In many cases, the failure to address the question of lower farm incomes is at the heart of a decline in smaller farms and may results in increased urbanization and social upheaval.

As countries attempt to consolidate some of the least efficient, small farms into bigger, more viable farms, policy makers should ensure that these bigger farms will comply with tougher environmental regulations that the smaller farms were unable to meet due to the relative higher costs of implementation.

The connection between income gaps and the move toward greener farms is made in an FAO paper prepared for the Thirty-Second FAO Regional Conference for Asia and the Pacific (APRC) in Ulaanbaatar, Mongolia, 10-14 March. The Conference is FAO’s regional governing body. The APRC brought together Ministers of Agriculture as well as other government officials and representatives from civil society concerned with agriculture, fisheries and forestry from 41 countries in the region.

The paper,
Meeting farmers’ aspirations in the context of green development, was presented to the APRC delegates. It examines current efforts by some countries in the Asia-Pacific region to address the widening income gap between farm and non-farm incomes. The gap is seen as a motivating factor for workers leaving farming for non-farm employment or for higher-paying jobs in urban areas.

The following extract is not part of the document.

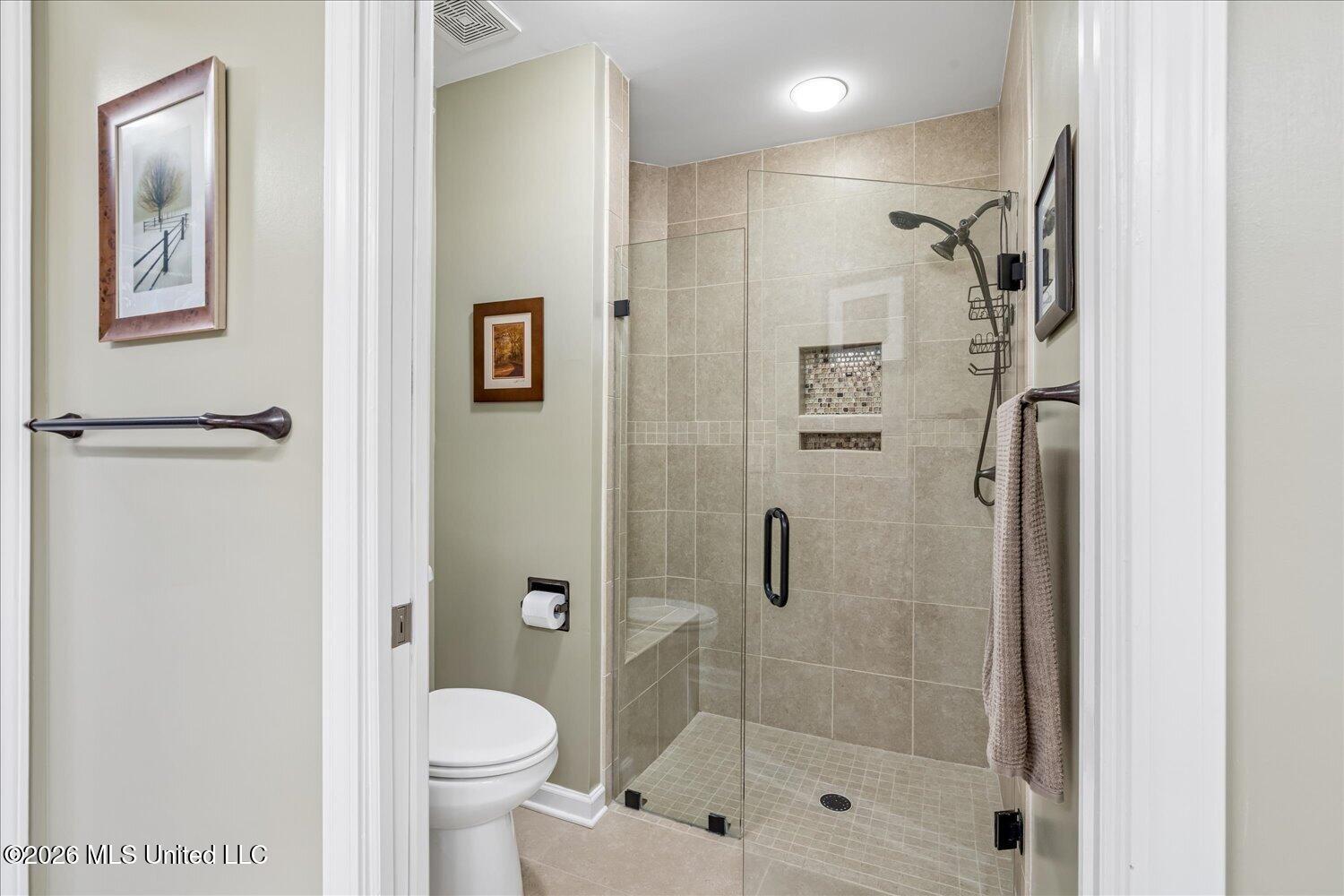8665 Parkview Oaks Circle Property Photo 18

Green Development and the urban-rural income gap

Countries in the region are experimenting with
Green Development concepts called Sustainable Production Intensification (SPI) and
Climate Smart Agriculture (CSA), two powerful and complementary approaches that FAO has developed to address the challenges facing traditional labour-intensive agriculture. SDI calls for better use of ecosystem services in agricultural production, including crop genetic diversity, healthy soils and the adoption of precision intensive technologies.

The CSA approach is a way of prioritizing SPI options and focuses on building the needed institutional, policy and financing frameworks to support their effective implementation. While these approaches help sustain agricultural output and reduce environmental degradation, the costs of implementation can be a burden on smaller family farms that make up the majority of agricultural output in most countries of the region. Therefore, ways and means need to be found to help smallholders become more profitable and greener at the same time.